重要なものに関しては、克明に記憶し、どうでもいいことは憶えないというメリハリが必要なのですね。

自分自身にとって重要であり真実であると考えるものをより深く理解し、自分自身のものにしていくという点は、まさしく、優れた知性の作用といえます。

しかし、注目したいのは、自分にとって重要でなく、真実とはかけ離れたものは、憶えず、多少、記憶に残ったにしても、さっさと忘れてしまうという点です。

憶えない、忘れるという作用が優れた知性の作用とは驚きです。

この発想はなかったといってもいいかもしれません。

憶えるだけが能ではないのですね。

どうでもいいことは憶えない、忘れるという作用を含んでこそ、最も優れた知性といえるのですね。

どうでもいいことに思い悩み、悶々としている人間は、自分にとって大切でないこと重要でないことを見抜く力がない人間といってよいでしょう。

つまり、知性が発揮されていない状態にあるといえます。

重要なことは後回しで、どうでもいいこと、つまらないこと、価値のないことをいちいち思い出し、自分自身を苦しめていたことがあったように思います。

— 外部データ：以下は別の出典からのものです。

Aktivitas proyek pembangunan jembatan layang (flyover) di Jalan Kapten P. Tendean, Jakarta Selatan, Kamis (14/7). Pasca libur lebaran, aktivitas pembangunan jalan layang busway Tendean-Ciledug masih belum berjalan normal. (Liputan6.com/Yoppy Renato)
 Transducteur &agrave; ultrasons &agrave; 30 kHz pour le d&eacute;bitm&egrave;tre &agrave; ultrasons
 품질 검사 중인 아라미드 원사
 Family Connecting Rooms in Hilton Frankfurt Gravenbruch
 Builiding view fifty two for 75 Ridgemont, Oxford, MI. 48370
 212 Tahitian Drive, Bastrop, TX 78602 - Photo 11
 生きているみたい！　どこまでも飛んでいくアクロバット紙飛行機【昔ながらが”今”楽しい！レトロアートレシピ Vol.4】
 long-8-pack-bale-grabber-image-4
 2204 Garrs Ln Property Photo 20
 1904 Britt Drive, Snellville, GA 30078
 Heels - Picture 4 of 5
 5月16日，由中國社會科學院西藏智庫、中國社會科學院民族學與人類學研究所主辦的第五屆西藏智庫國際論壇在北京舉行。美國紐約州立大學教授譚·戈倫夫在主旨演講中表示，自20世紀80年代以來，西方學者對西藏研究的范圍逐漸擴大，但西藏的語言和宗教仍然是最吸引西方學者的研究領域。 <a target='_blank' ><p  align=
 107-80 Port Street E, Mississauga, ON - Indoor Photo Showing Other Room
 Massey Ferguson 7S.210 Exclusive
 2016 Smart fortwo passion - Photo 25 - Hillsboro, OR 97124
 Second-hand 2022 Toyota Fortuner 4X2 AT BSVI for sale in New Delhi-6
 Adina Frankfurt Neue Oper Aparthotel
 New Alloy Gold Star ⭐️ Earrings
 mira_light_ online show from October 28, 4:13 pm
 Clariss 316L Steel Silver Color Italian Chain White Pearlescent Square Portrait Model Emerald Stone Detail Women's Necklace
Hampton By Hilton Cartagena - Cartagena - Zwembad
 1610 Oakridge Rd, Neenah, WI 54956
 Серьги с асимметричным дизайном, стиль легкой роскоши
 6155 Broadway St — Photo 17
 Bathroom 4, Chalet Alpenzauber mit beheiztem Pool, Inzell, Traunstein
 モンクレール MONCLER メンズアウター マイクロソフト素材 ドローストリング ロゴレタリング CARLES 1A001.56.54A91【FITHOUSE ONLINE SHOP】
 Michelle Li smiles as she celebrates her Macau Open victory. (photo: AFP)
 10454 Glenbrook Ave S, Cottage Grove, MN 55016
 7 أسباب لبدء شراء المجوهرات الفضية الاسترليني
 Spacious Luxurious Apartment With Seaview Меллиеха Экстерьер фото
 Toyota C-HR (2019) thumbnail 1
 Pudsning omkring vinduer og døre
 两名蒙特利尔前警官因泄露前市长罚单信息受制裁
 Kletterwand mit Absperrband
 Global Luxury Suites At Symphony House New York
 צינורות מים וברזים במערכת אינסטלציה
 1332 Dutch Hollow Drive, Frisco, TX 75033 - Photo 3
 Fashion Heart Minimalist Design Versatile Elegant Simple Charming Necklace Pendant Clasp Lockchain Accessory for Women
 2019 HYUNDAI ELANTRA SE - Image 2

そのようなことは、記憶せず、忘れなければならないのですね。

自分にとって大切でないものは、早々に捨ててしまうという潔さが求められます。

不必要なもの、不必要なことを捨てることにより、清々しい気持ちになることが知性的生活には必要ということでしょう。

最も優れた知性を身に付けるべく、真実と考えるものは完璧にマスターし、どうでもよいものは、その都度、忘れるということを実践していきたいですね。